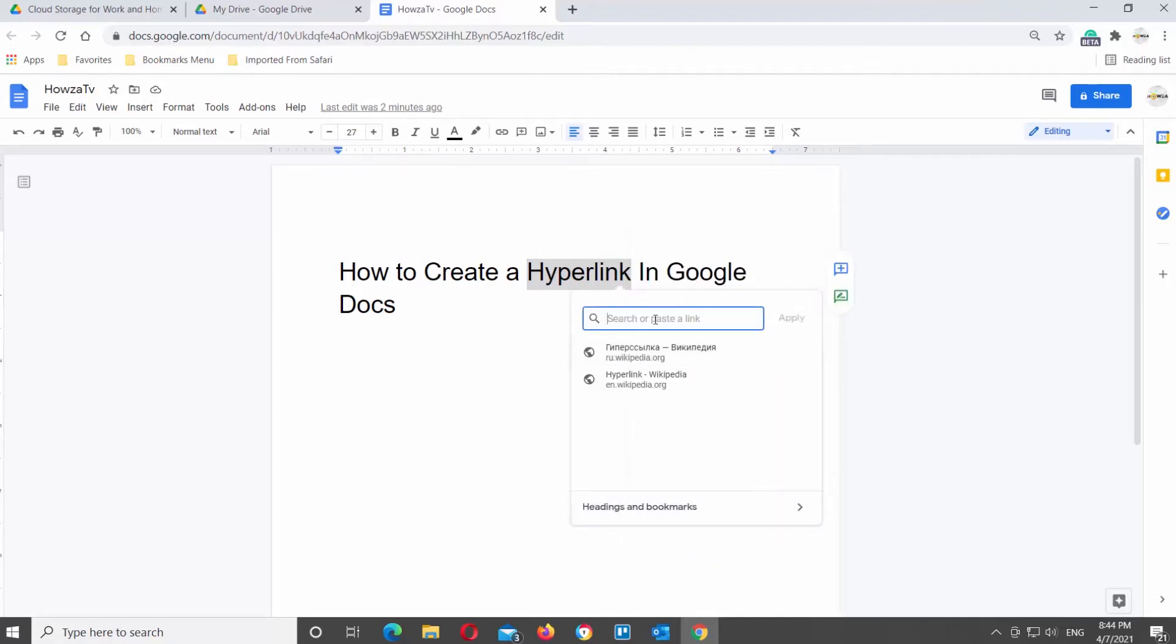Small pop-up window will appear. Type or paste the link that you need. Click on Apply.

...

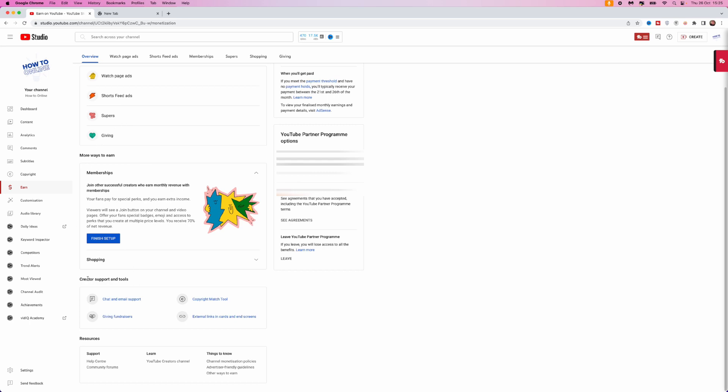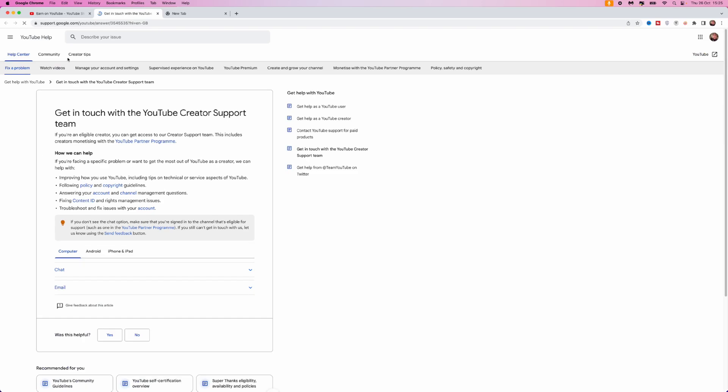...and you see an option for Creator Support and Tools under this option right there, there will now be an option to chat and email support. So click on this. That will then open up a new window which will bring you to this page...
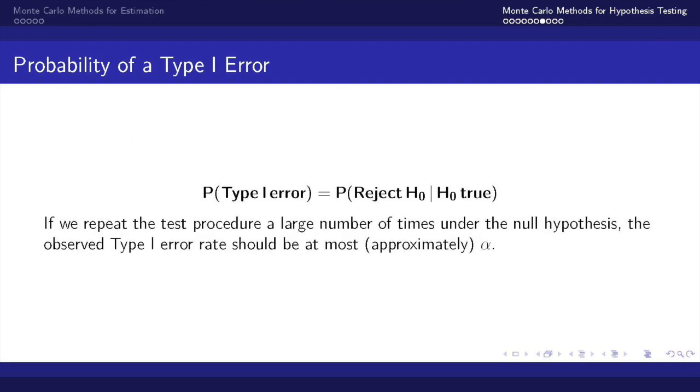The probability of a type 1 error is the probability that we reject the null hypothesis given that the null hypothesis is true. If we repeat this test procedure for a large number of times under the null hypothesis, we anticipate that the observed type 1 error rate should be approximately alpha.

Required action -
Starting with the line that contains "to this page..." and finishing with the line that contains "The probability of", reproduce every line of the material above exactly, but not the pictures.

Expected answer -
...and you see an option for Creator Support and Tools under this option right there, there will now be an option to chat and email support. So click on this. That will then open up a new window which will bring you to this page...
The probability of a type 1 error is the probability that we reject the null hypothesis given that the null hypothesis is true. If we repeat this test procedure for a large number of times under the null hypothesis, we anticipate that the observed type 1 error rate should be approximately alpha.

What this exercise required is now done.